Work to be completed: Restate word for word the section of the entries that opens at the line containing "栄養士・管理栄養士のためのな" and closes at the line containing "工作手册式CMS建站项目实践", both lines kept, pictures dropped.
Data excerpts Start Marker
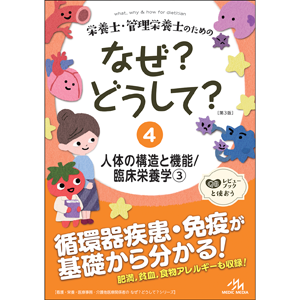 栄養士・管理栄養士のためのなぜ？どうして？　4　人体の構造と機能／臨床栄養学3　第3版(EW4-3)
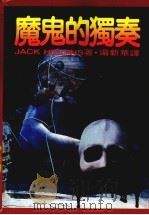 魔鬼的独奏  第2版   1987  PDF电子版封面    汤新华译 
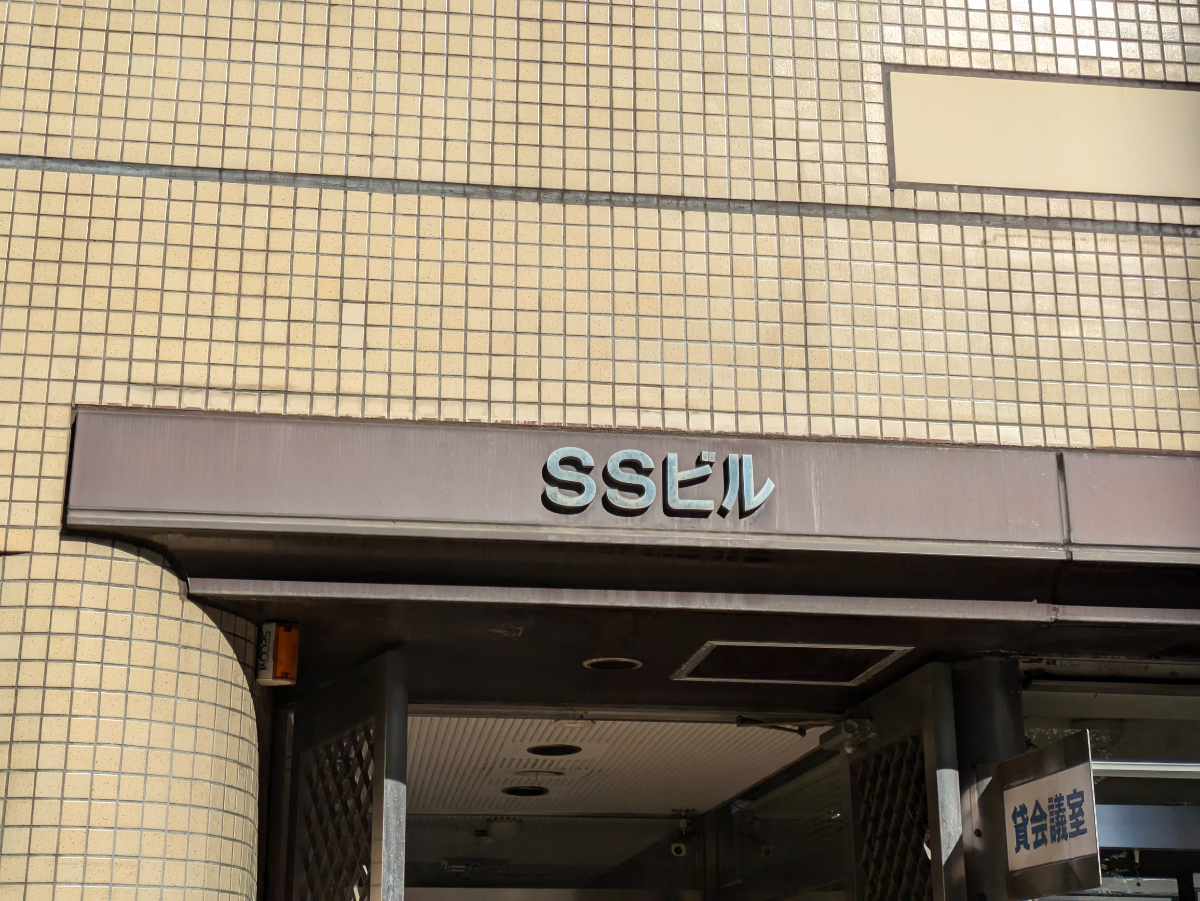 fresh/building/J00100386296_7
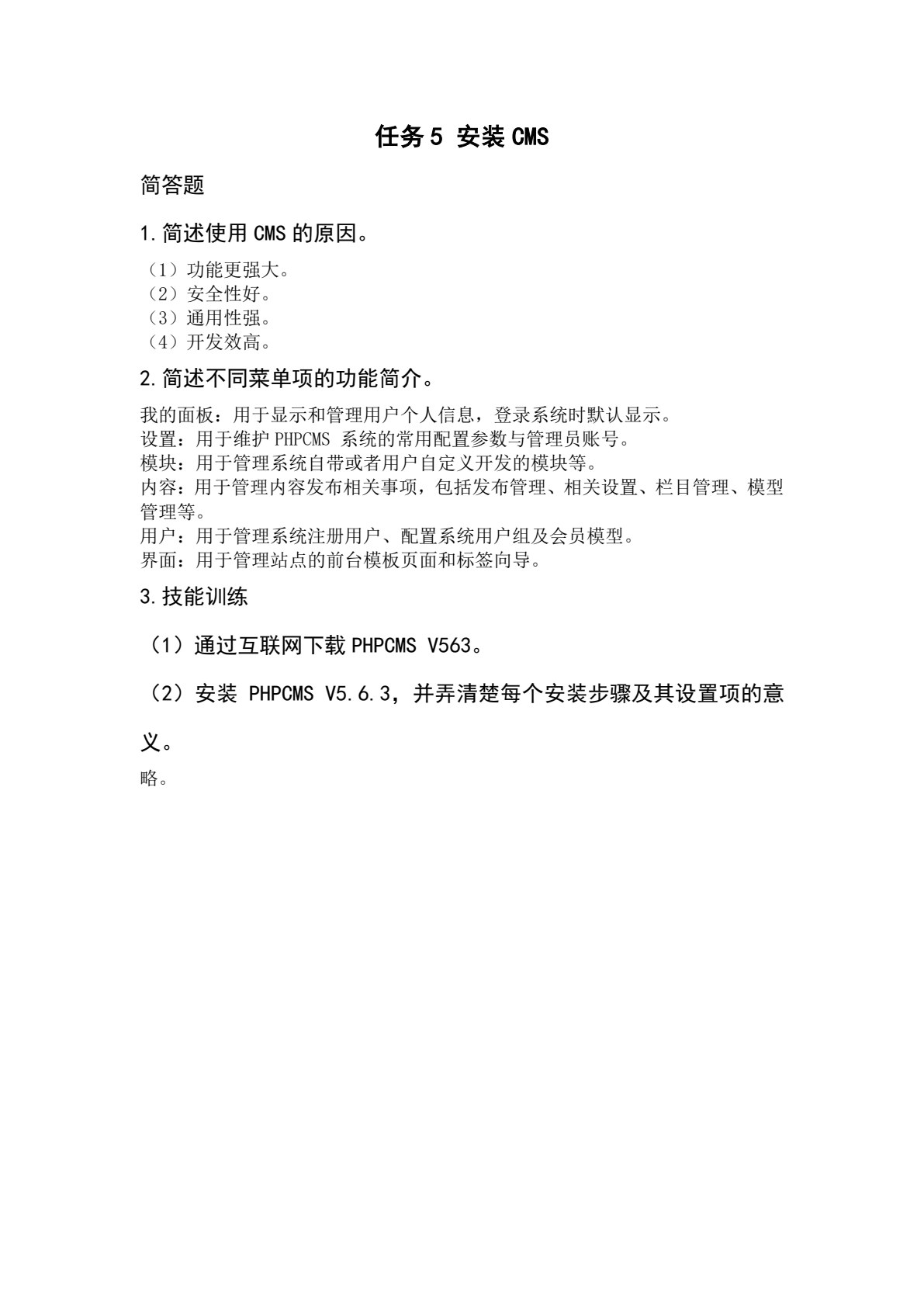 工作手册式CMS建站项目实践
Data excerpts End Marker
Data excerpts Start Marker
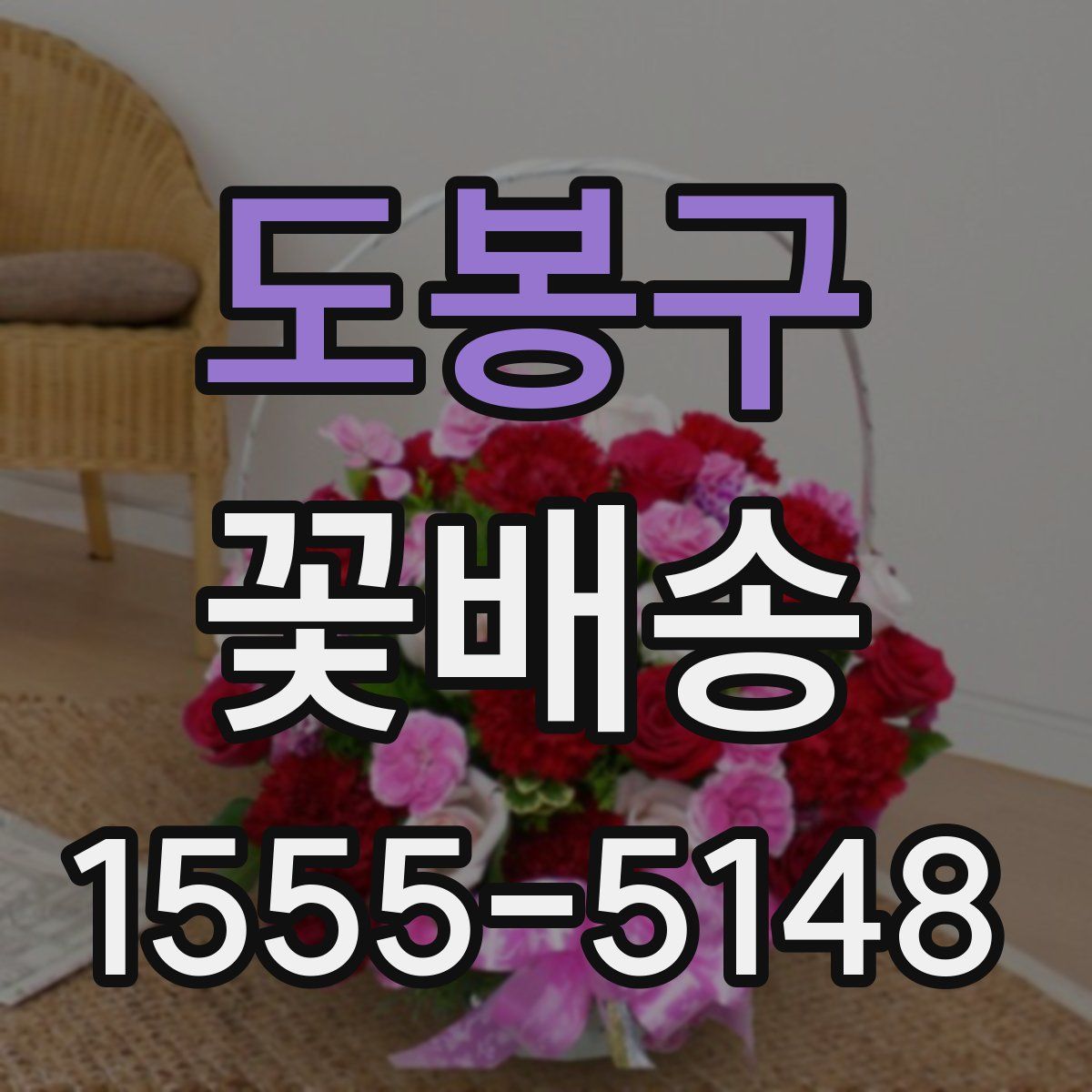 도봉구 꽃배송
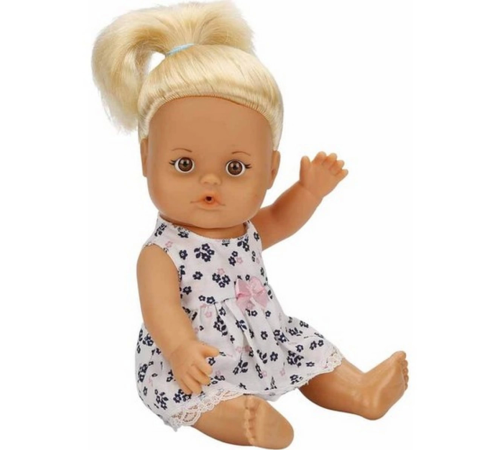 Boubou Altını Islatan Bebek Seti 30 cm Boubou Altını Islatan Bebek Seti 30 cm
Data excerpts End Marker
Finished exercise:
 栄養士・管理栄養士のためのなぜ？どうして？　4　人体の構造と機能／臨床栄養学3　第3版(EW4-3)
 魔鬼的独奏  第2版   1987  PDF电子版封面    汤新华译 
 fresh/building/J00100386296_7
 工作手册式CMS建站项目实践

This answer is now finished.